WORK INSTRUCTION: Line by line, repeat the data below exactly, beginning at the first line and ending at the line with "Un bagno moderno". Omit pictures.
(Beginning of THE INPUT)
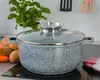 A speckled gray pot with a glass lid sits on a black stovetop, with potatoes and carrots to the left and a plant in the background. Náhľad obrázku produktu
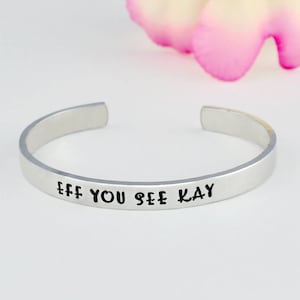 May include: Silver bracelet with the text "Eff You See Kay" engraved on it.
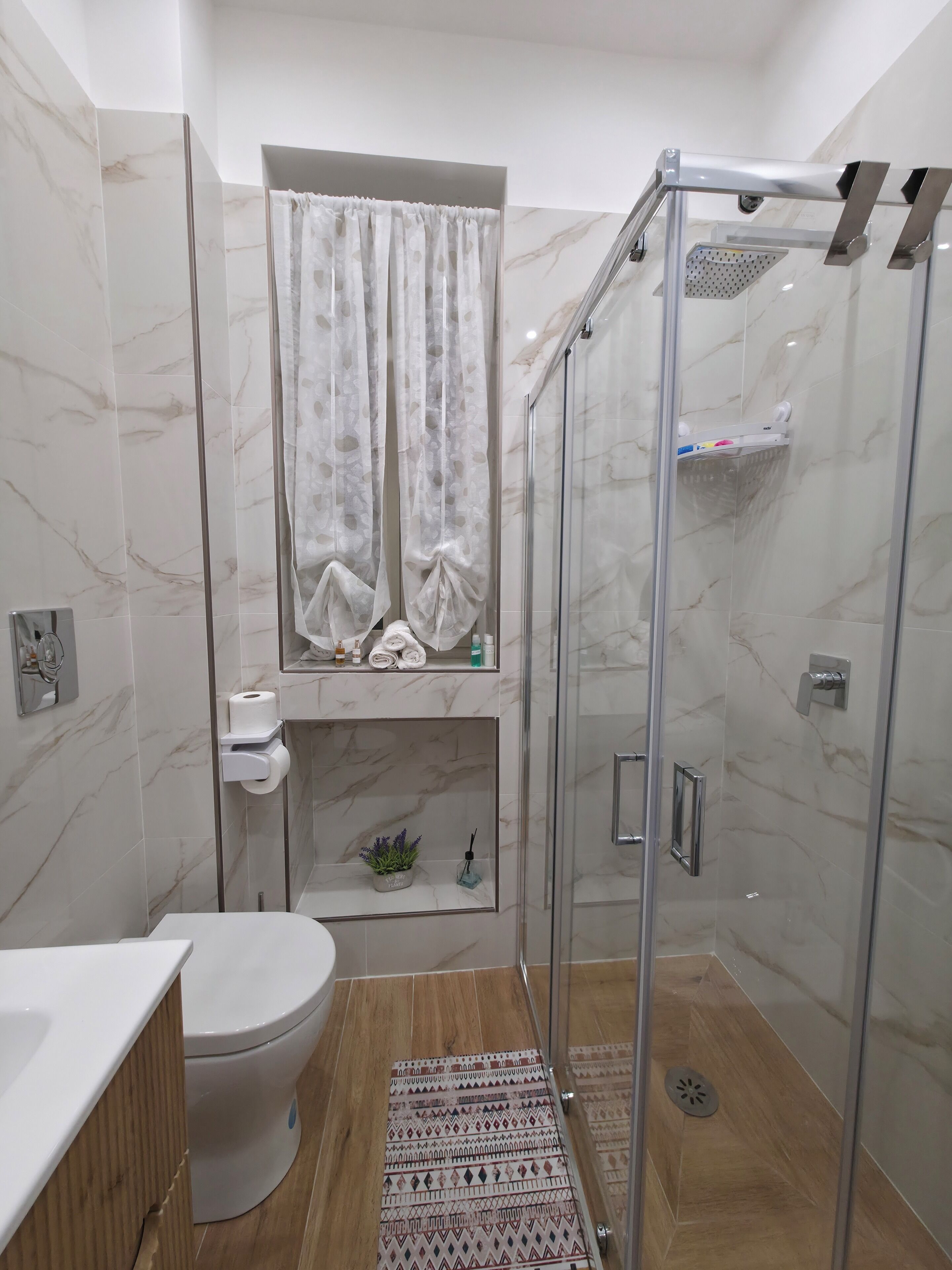 Un bagno moderno con servizi igienici, doccia e un piccolo ripiano con articoli da toilette.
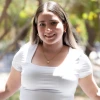Ana Fernandez, a woman with light skin and blonde hair, wearing a white top, standing outside near some trees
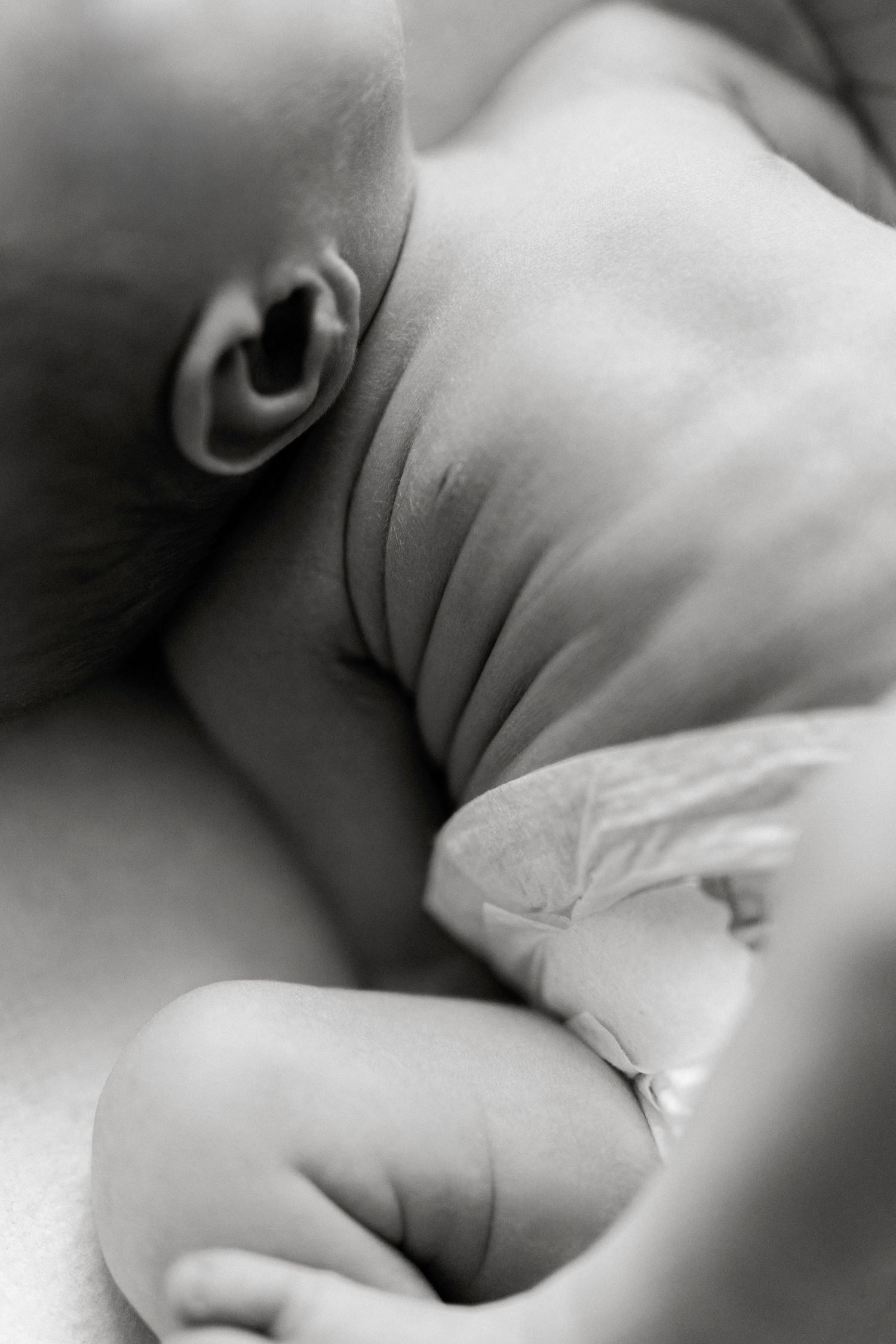 Black and white close-up photo of a sleeping newborn baby with tiny fingers and soft skin folds.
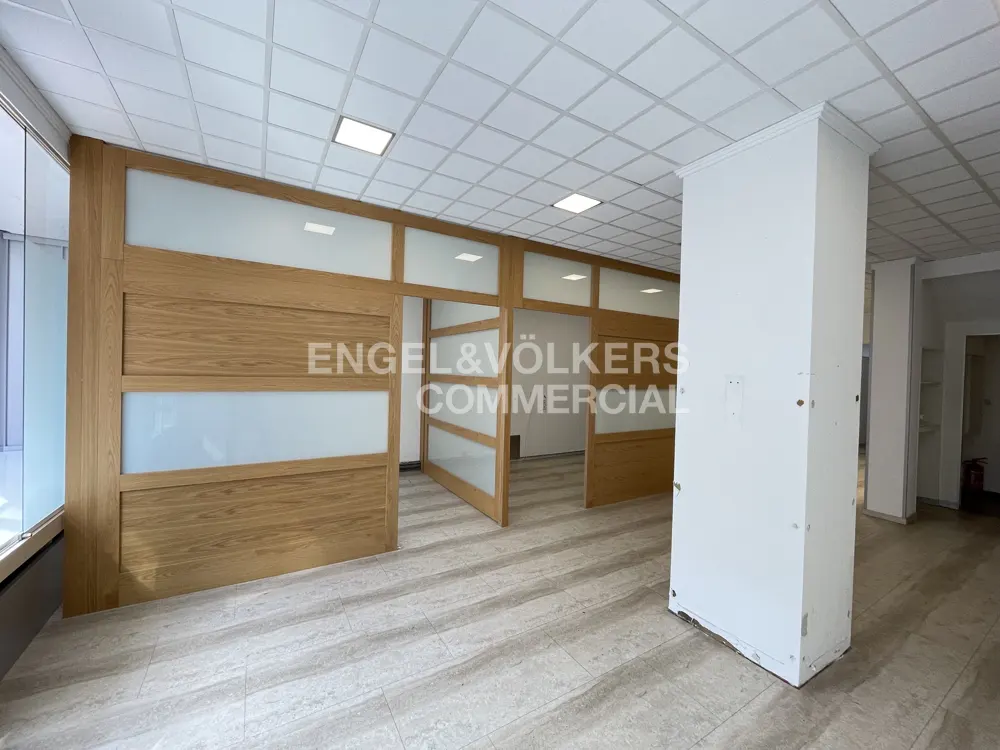 Empty office space with wood and frosted glass dividers, light tile floor, and white ceiling with recessed lighting. Engel & Völkers Commercial logo.
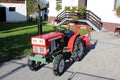 Restored and completely renovated vintage retro old small compact utility tractor with new tyres parked on paved driveway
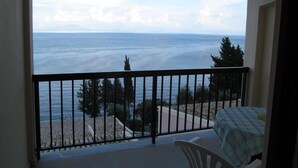 A balcony with a view of the sea, a table with a checkered tablecloth, and a chair. - Karina (Corfu)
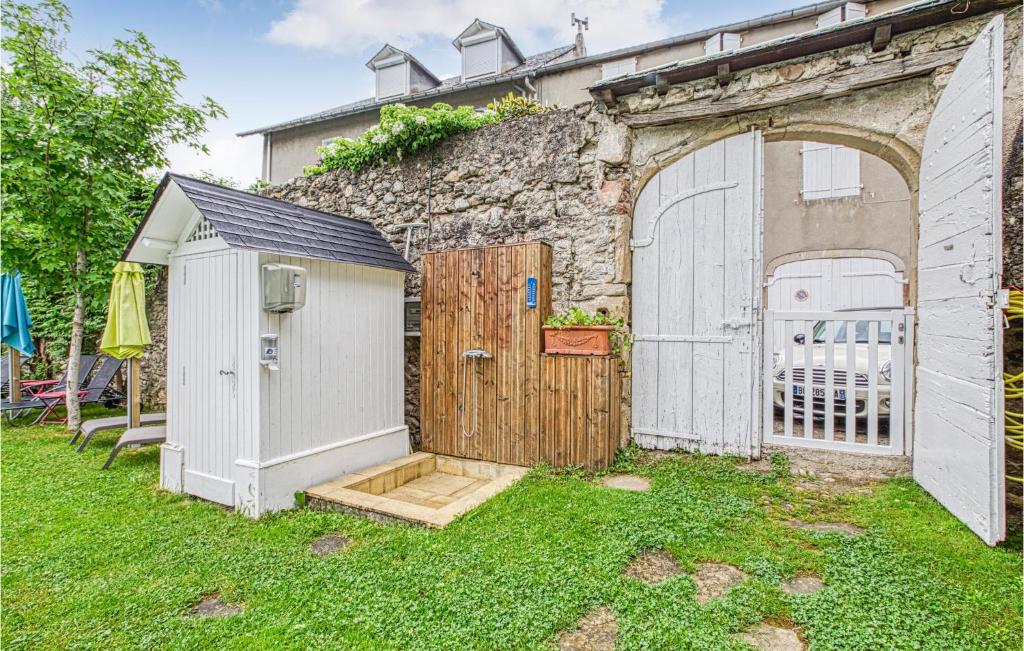 a building with a gate and a wooden door at Cozy Apartment In Saint Jean Du Bruel With Private Swimming Pool, Can Be Inside Or Outside in Saint-Jean-du-Bruel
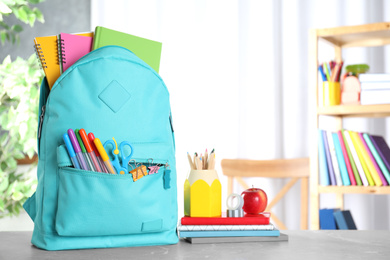 Stylish backpack with different school stationery on table indoors. Space for text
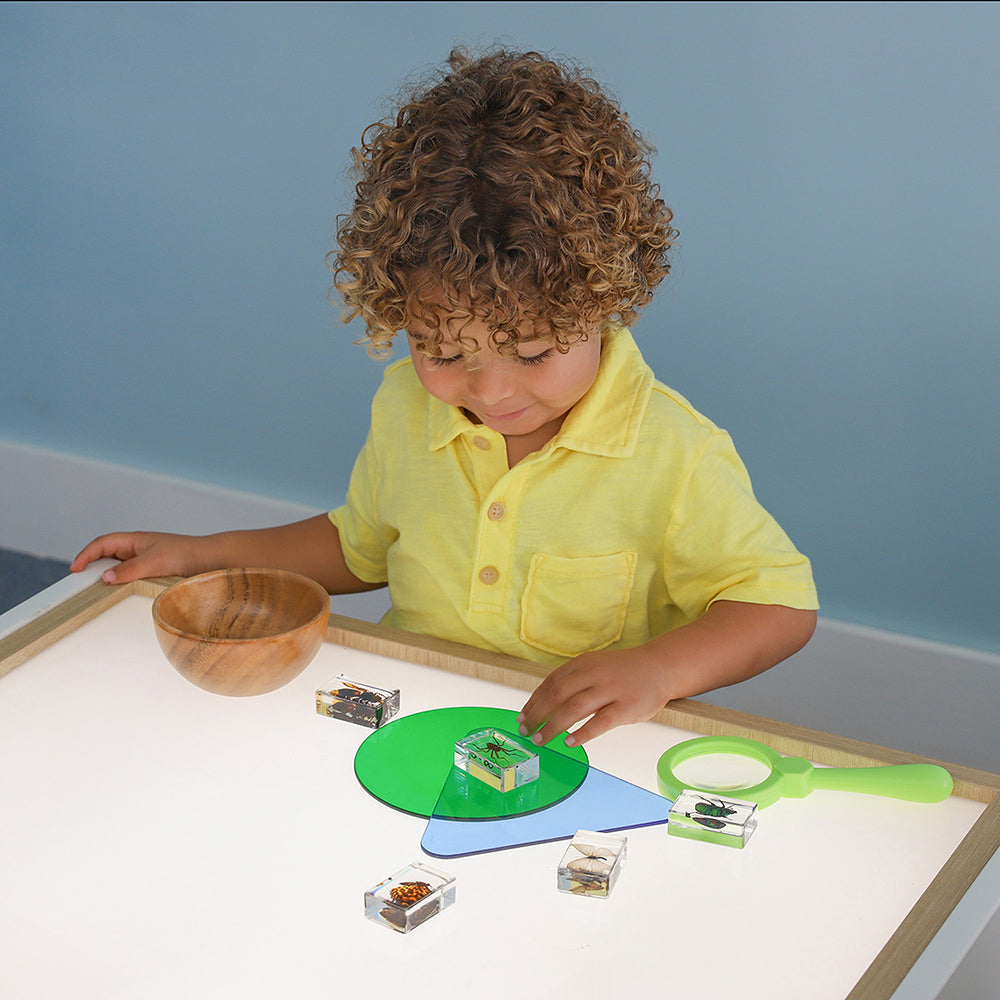 Child playing with educational toys on a lightbox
(End of THE INPUT)
RESULT:
 A speckled gray pot with a glass lid sits on a black stovetop, with potatoes and carrots to the left and a plant in the background. Náhľad obrázku produktu
 May include: Silver bracelet with the text "Eff You See Kay" engraved on it.
 Un bagno moderno con servizi igienici, doccia e un piccolo ripiano con articoli da toilette.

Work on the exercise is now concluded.